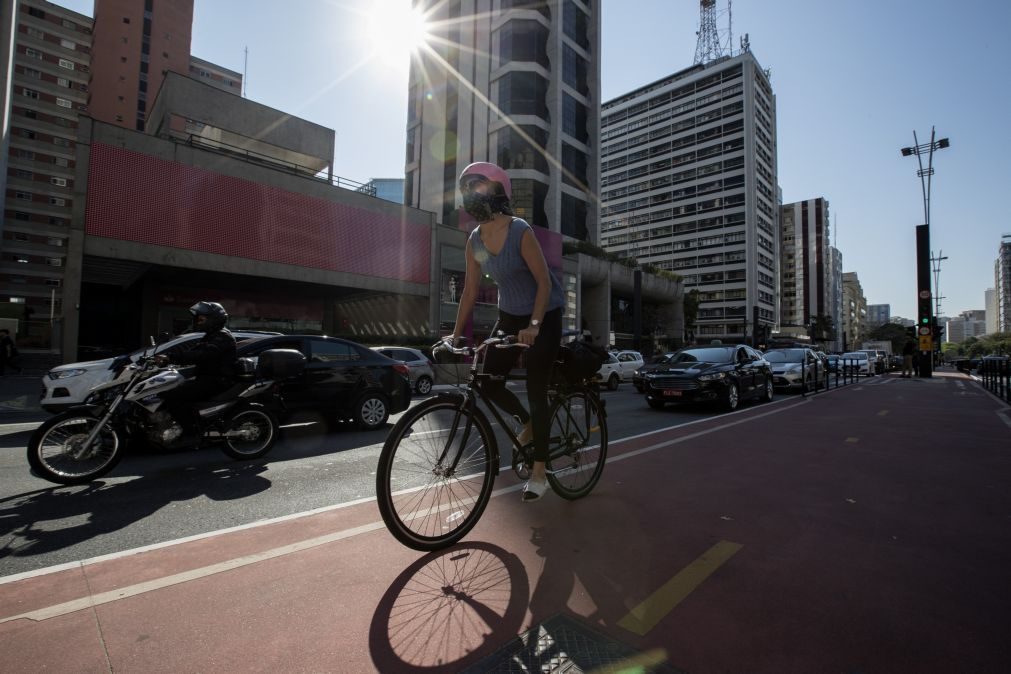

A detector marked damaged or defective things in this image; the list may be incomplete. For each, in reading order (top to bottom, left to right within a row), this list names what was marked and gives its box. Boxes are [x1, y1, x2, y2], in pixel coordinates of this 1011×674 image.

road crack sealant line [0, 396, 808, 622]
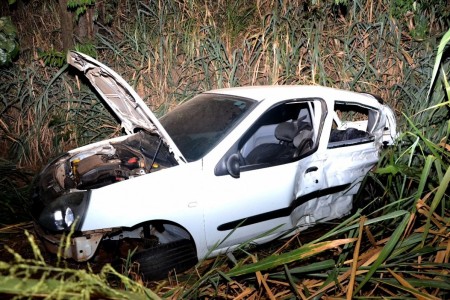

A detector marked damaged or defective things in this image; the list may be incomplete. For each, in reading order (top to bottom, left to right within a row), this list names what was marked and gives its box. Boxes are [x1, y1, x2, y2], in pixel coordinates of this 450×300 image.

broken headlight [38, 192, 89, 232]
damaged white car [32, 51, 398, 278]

====

• About this exercise: Reprint the entries above exactly, images removed.

• Exercise result:
A detector marked damaged or defective things in this image; the list may be incomplete. For each, in reading order (top to bottom, left to right within a row), this list names what was marked and gives its box. Boxes are [x1, y1, x2, y2], in pixel coordinates of this 1011×674 image.

road crack sealant line [0, 396, 808, 622]

A detector marked damaged or defective things in this image; the list may be incomplete. For each, in reading order (top to bottom, left to right within a row), this list names what was marked and gives its box. Boxes are [x1, y1, x2, y2], in pixel coordinates of this 450×300 image.

broken headlight [38, 192, 89, 232]
damaged white car [32, 51, 398, 278]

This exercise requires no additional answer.